(Beginning of Information supplied)

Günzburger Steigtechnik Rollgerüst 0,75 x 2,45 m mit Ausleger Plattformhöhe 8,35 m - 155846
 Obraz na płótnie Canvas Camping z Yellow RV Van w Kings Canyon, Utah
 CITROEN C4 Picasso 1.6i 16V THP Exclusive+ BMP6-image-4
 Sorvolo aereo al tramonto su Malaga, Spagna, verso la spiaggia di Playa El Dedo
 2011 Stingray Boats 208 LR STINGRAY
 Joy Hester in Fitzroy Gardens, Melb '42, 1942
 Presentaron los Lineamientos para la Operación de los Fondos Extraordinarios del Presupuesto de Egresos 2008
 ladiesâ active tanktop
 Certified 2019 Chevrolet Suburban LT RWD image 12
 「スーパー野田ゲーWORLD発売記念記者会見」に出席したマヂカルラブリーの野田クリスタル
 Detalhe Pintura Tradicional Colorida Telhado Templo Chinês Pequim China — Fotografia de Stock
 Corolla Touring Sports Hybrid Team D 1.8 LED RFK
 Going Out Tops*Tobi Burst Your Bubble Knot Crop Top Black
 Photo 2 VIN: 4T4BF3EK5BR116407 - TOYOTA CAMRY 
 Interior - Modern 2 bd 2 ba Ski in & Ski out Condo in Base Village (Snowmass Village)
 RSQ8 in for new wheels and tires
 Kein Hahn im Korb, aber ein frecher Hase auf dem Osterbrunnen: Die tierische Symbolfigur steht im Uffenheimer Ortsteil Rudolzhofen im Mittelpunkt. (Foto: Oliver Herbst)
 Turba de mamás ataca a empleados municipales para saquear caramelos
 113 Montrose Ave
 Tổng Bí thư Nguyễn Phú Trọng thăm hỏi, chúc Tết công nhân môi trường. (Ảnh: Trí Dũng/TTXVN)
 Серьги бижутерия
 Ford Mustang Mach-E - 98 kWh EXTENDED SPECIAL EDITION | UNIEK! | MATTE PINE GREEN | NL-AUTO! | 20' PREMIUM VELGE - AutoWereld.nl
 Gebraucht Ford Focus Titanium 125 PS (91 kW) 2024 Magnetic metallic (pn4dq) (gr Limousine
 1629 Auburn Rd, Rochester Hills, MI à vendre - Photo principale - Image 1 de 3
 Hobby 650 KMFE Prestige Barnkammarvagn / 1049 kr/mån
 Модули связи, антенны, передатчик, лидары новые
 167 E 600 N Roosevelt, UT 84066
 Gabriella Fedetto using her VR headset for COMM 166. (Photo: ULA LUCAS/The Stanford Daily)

(End of Information supplied)

§ To do
Write out again exactly the lines that run from the one holding "1629 Auburn Rd, Rochester" through the last line of the data; omit all other lines.

§ Your solution
 1629 Auburn Rd, Rochester Hills, MI à vendre - Photo principale - Image 1 de 3
 Hobby 650 KMFE Prestige Barnkammarvagn / 1049 kr/mån
 Модули связи, антенны, передатчик, лидары новые
 167 E 600 N Roosevelt, UT 84066
 Gabriella Fedetto using her VR headset for COMM 166. (Photo: ULA LUCAS/The Stanford Daily)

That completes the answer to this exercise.